Действительность, представившаяся моим глазам, была поистине ужасна. Я с детства привык к грубым формам помещичьего произвола, который выражался в нашем доме в форме сквернословия, пощечин, зуботычин и т. д., привык до того, что они почти не трогали меня. Но до истязания у нас не доходило. Тут же я увидал картину такого возмутительного, свойства, что на минуту остановился как вкопанный, не веря глазам своим.
У конюшни, на куче навоза, привязанная локтями к столбу, стояла девочка лет двенадцати и рвалась во все стороны. Был уже час второй дня, солнце так и обливало несчастную своими лучами. Рои мух поднимались из навозной жижи, вились над ее головой и облепляли ее воспаленное, улитое слезами и слюною лицо. По местам образовались уже небольшие раны, из которых сочилась сукровица. Девочка терзалась, а тут же, в двух шагах от нее, преспокойно гуторили два старика, будто ничего необыкновенного в их глазах не происходило.

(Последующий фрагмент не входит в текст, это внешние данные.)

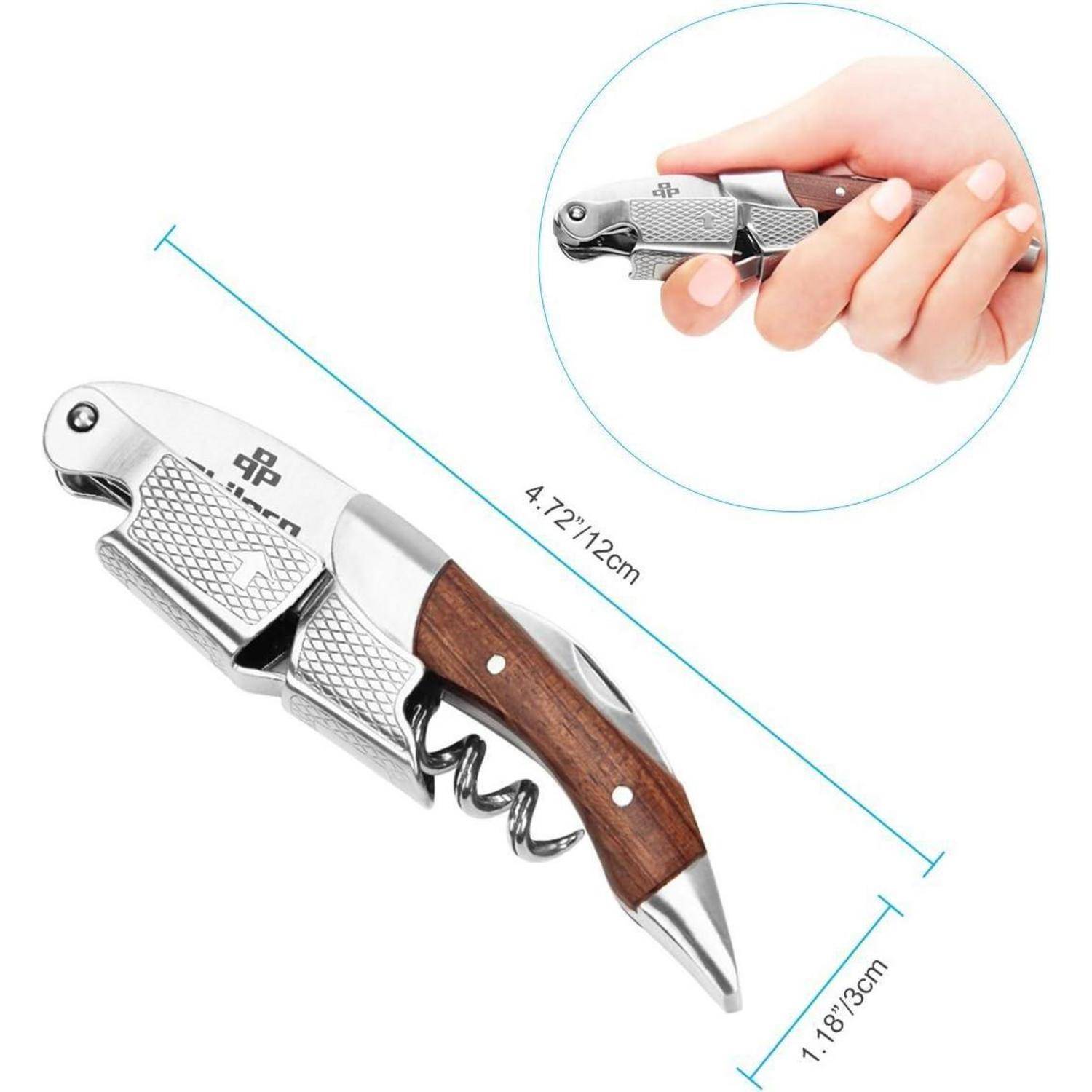 Philorn Kellnermesser All-in-1, Korkenzieher Wein Profi, Holz Kellnerbesteck Edelstahl, Gratis Weinrezept Ebook, Weinflaschenöffner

Я сам стоял в нерешимости перед смутным ожиданием ответственности за непрошеное вмешательство, — до такой степени крепостная дисциплина смиряла даже в детях человеческие порывы. Однако ж сердце мое не выдержало; я тихонько подкрался к столбу и протянул руки, чтобы развязать веревки.
— Не тронь… тетенька забранит… хуже будет! — остановила меня девочка, — вот лицо фартуком оботри… Барин!.. миленький!
И в то же время сзади меня раздался старческий голос:
— Не суйся не в свое дело, пащенок! И тебя к столбу тетенька привяжет!
Это говорил Алемпиев собеседник. При этих словах во мне совершилось нечто постыдное. Я мгновенно забыл о девочке и с поднятыми кулаками, с словами: «Молчать, подлый халуй!» — бросился к старику. Я не помню, чтобы со мной случался когда-либо такой припадок гнева и чтобы он выражался в таких формах, но очевидно, что крепостная практика уже свила во мне прочное гнездо и ожидала только случая, чтобы всплыть наружу.